Simegnew, the engineer, told reporters last week that
some of the diverted Nile waters are accumulating in a temporary coffer
dam, and officials say that the filling of the reservoir will start next
year. Power lines to connect the dam’s output with the national grid
are being put up, and cables from the national grid extend to Djibouti,
Sudan and, later, Kenya.
“During the filling of the reservoir,
which will take five to six years, we won’t have any fixed impoundment
rate to make sure the water flow downstream will not be significantly
affected,” Simegnew said.
Ethiopia’s Nile project has won the support of upstream countries in
East and Central Africa that have been meeting under the banner of the
Nile Basin Initiative, which endorsed the new Nile River Cooperative
Framework Agreement.

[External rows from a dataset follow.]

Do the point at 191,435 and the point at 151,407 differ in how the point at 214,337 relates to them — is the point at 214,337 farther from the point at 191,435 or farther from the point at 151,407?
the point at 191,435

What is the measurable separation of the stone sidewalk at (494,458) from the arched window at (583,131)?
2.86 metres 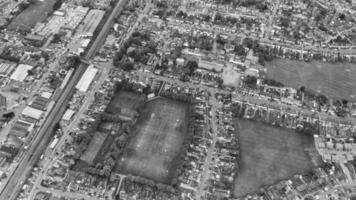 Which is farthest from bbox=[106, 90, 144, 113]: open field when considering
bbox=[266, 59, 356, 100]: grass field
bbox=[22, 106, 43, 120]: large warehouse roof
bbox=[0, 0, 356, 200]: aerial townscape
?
bbox=[266, 59, 356, 100]: grass field

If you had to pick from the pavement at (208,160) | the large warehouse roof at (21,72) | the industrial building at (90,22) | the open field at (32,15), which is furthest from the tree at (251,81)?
the open field at (32,15)

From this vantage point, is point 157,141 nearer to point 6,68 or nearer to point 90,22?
point 6,68

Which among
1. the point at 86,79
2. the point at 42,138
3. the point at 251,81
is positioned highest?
the point at 251,81

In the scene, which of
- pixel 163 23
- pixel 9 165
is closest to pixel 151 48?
pixel 163 23

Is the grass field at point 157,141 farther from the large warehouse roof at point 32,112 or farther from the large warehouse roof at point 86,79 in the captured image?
the large warehouse roof at point 32,112

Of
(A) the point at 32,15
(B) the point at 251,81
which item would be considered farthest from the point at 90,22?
(B) the point at 251,81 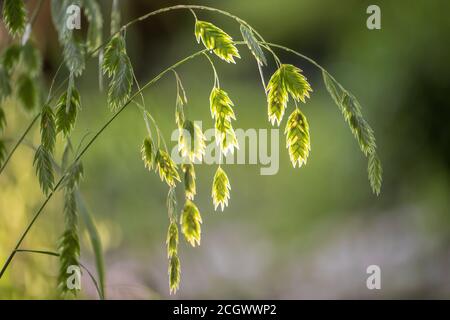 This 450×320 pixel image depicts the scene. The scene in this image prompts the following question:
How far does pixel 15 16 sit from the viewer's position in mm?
958

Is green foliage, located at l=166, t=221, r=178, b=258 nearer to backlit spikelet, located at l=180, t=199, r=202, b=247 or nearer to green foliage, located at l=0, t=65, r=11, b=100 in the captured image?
backlit spikelet, located at l=180, t=199, r=202, b=247

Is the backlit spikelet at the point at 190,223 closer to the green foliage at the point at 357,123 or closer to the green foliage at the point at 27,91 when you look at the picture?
the green foliage at the point at 357,123

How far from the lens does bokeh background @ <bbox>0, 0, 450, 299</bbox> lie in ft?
8.21

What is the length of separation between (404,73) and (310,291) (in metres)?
0.95

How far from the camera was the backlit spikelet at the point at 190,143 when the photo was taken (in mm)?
910

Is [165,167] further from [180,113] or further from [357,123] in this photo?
[357,123]

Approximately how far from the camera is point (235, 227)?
3.15 meters

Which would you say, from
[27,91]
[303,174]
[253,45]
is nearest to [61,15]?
[27,91]

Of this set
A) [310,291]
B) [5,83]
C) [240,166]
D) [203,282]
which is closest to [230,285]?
[203,282]

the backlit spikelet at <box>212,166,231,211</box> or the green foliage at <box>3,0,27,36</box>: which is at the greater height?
the green foliage at <box>3,0,27,36</box>

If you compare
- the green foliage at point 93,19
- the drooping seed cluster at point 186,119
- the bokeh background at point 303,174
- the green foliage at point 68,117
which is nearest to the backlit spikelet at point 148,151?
the drooping seed cluster at point 186,119

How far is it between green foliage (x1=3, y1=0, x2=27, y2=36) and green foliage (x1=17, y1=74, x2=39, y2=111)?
0.14 metres

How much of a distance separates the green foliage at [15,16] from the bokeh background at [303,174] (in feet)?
3.31

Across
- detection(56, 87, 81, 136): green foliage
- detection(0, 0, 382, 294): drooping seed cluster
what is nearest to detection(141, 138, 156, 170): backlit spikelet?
detection(0, 0, 382, 294): drooping seed cluster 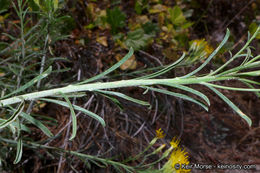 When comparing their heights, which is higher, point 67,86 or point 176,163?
point 67,86

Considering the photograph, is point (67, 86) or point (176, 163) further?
point (176, 163)

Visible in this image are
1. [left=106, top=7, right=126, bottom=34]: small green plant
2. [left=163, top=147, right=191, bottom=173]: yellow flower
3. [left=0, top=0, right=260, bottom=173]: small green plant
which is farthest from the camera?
[left=106, top=7, right=126, bottom=34]: small green plant

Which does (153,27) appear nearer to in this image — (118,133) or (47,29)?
(118,133)

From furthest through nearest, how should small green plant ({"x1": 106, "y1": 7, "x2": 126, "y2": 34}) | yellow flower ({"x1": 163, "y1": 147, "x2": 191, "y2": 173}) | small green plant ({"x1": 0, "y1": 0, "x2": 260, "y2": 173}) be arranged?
1. small green plant ({"x1": 106, "y1": 7, "x2": 126, "y2": 34})
2. yellow flower ({"x1": 163, "y1": 147, "x2": 191, "y2": 173})
3. small green plant ({"x1": 0, "y1": 0, "x2": 260, "y2": 173})

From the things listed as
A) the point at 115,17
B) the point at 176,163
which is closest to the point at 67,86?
the point at 176,163

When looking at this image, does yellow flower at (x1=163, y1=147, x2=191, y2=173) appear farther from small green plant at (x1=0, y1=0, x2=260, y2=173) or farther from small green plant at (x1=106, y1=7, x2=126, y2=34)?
small green plant at (x1=106, y1=7, x2=126, y2=34)

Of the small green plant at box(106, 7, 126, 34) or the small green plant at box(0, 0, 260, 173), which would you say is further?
the small green plant at box(106, 7, 126, 34)

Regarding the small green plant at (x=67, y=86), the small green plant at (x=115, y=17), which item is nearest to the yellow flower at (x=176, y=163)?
the small green plant at (x=67, y=86)

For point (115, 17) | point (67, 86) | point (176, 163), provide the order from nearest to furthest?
point (67, 86) < point (176, 163) < point (115, 17)

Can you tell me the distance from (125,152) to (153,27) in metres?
1.35

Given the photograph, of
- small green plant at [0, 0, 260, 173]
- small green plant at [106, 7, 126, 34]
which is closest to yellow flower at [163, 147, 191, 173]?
small green plant at [0, 0, 260, 173]

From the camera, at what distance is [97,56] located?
2416mm

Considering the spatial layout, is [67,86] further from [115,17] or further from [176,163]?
[115,17]

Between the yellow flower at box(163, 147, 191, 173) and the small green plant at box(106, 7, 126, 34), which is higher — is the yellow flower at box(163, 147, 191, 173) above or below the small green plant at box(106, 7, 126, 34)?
below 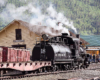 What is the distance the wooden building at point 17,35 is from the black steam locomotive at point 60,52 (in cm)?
962

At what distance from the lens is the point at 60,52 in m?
20.8

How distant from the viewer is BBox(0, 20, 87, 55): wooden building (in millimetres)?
31734

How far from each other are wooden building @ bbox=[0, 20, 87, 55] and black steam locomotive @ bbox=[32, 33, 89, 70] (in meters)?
9.62

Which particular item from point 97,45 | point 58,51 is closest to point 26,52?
point 58,51

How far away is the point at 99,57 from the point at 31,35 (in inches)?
610

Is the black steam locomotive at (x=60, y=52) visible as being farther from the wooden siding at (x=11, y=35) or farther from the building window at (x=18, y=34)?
the building window at (x=18, y=34)

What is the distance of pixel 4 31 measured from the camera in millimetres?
33062

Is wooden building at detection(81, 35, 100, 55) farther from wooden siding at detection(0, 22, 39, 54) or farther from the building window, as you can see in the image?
the building window

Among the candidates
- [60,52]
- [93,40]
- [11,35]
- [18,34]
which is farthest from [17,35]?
[93,40]

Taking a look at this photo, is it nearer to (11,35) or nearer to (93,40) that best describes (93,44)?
(93,40)

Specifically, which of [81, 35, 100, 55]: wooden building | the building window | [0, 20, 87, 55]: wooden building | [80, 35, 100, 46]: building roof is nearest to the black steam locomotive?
[0, 20, 87, 55]: wooden building

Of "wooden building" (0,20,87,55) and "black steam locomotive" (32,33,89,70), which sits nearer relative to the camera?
"black steam locomotive" (32,33,89,70)

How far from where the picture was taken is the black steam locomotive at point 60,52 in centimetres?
2036

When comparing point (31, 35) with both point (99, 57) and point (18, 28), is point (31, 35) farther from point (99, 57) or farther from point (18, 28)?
point (99, 57) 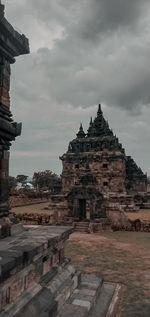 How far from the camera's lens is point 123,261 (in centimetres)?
923

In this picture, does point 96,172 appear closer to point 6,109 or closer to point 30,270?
point 6,109

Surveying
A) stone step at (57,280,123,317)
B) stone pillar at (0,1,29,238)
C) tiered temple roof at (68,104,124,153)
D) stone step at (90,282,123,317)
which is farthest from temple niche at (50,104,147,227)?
stone pillar at (0,1,29,238)

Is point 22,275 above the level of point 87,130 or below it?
below

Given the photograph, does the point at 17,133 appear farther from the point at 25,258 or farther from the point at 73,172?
the point at 73,172

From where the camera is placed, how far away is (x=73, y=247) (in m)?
11.5

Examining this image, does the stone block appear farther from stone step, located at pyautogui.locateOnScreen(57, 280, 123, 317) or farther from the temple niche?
the temple niche

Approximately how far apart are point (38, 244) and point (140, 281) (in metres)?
4.66

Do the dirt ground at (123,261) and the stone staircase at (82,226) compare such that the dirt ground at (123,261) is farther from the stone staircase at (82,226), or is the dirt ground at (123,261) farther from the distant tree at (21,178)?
the distant tree at (21,178)

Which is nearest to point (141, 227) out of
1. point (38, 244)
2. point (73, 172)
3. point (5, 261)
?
point (38, 244)

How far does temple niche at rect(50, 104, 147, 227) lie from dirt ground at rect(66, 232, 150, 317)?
3.88 meters

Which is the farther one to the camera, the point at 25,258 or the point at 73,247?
the point at 73,247

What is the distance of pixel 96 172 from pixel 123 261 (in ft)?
91.6

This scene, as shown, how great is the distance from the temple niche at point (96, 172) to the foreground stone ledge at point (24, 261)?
13033mm

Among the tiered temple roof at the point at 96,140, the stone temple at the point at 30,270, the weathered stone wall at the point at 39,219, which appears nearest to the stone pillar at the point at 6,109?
the stone temple at the point at 30,270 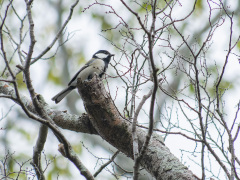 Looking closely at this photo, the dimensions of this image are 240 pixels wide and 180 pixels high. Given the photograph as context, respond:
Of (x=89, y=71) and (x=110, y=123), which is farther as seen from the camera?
(x=89, y=71)

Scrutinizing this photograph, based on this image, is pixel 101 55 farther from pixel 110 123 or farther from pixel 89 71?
pixel 110 123

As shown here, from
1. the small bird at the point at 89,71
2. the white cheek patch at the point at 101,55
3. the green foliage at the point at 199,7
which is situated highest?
the green foliage at the point at 199,7

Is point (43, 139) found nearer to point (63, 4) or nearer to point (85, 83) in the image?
point (85, 83)

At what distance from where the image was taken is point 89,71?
16.4 feet

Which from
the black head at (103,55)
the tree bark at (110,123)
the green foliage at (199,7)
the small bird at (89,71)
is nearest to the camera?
the tree bark at (110,123)

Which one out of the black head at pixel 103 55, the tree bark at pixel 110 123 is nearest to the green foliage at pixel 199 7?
the black head at pixel 103 55

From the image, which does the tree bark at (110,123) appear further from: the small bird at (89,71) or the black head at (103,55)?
the black head at (103,55)

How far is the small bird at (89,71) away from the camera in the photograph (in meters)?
4.84

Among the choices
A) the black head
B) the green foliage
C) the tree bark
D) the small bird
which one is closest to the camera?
the tree bark

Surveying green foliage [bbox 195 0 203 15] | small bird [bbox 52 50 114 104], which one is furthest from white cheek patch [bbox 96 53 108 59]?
green foliage [bbox 195 0 203 15]

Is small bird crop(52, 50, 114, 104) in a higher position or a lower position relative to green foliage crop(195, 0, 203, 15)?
lower

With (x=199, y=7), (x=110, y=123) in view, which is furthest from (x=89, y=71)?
(x=199, y=7)

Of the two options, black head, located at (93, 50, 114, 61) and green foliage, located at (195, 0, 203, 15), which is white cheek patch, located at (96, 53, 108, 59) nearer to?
black head, located at (93, 50, 114, 61)

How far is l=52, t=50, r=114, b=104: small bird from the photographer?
484cm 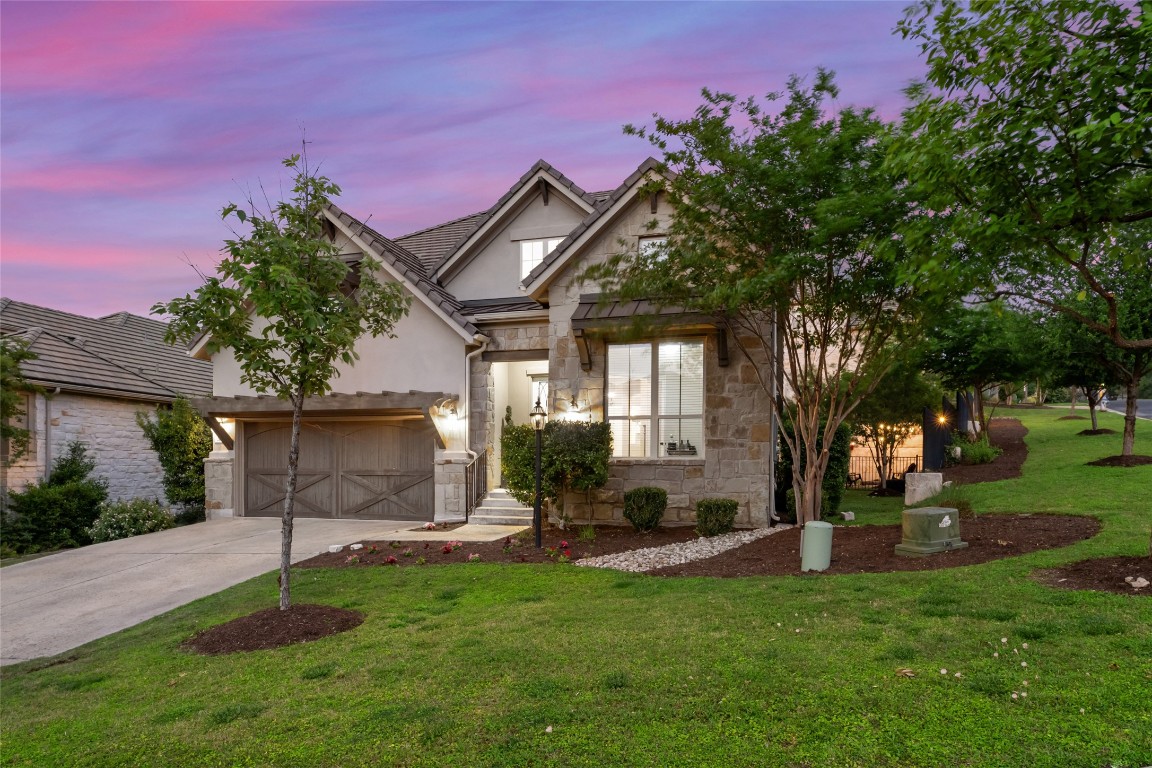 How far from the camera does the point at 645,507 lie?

That accord, ratified last month by Ethiopia’s
parliament, was conceived to replace the 1929 treaty written by Britain
that awarded Egypt veto power over other countries’ Nile projects. Sudan
and Egypt signed a deal in 1959 splitting the Nile waters between them
without giving other countries consideration. Egyptian politicians have
suggested attacks against Ethiopia to sabotage the dam, and Egyptian
President Mohammed Morsi last month warned that “all options are open”
to challenge the project.
Ethiopian Prime Minister Hailemariam Desalegn said last week
that, while he was willing to accommodate Egypt’s concerns, the
continued constructing of the dam and its size are “red lines” that will
not be crossed by the negotiations.
If the dam is completed without incident, it would be a remarkable
achievement for Ethiopia’s leaders who dreamed of something big and
wanted an equally grand name for the dam. Originally a secret project
called X, the dam was later called the Grand Ethiopian Renaissance Dam.
David
Shinn, former U.S. ambassador to Ethiopia, said he doubted Egypt’s
dispute with Ethiopia over the Nile River would degenerate into armed
conflict.
“Following long periods of silence, there are periodic
outbursts as we have seen in the past month,” said Shinn, who is now a
professor at George Washington University’s Elliott School of
International Affairs. “I expect this trend to continue but not to
result in conflict between the two countries.”
The Ethiopian
government, which secured a $1 billion loan from China for power lines
for the Nile dam, says it will continue to raise more funds
domestically. Government employees have for the second time paid their
one-month salary to buy bonds the government is selling. Private banks
are ordered by the central bank to buy bonds worth millions of the
Ethiopian birr.
Yilma Seleshi of the Ethiopian Water Resource
Institute says the dam would consistently bring in hard currency for at
least a century, returning the massive investment it is requiring. In
his study presented during a meeting at Ethiopia’s Addis Ababa
University last week, he estimated that Ethiopia would earn 2 million
euros in daily income from power sales to neighboring countries.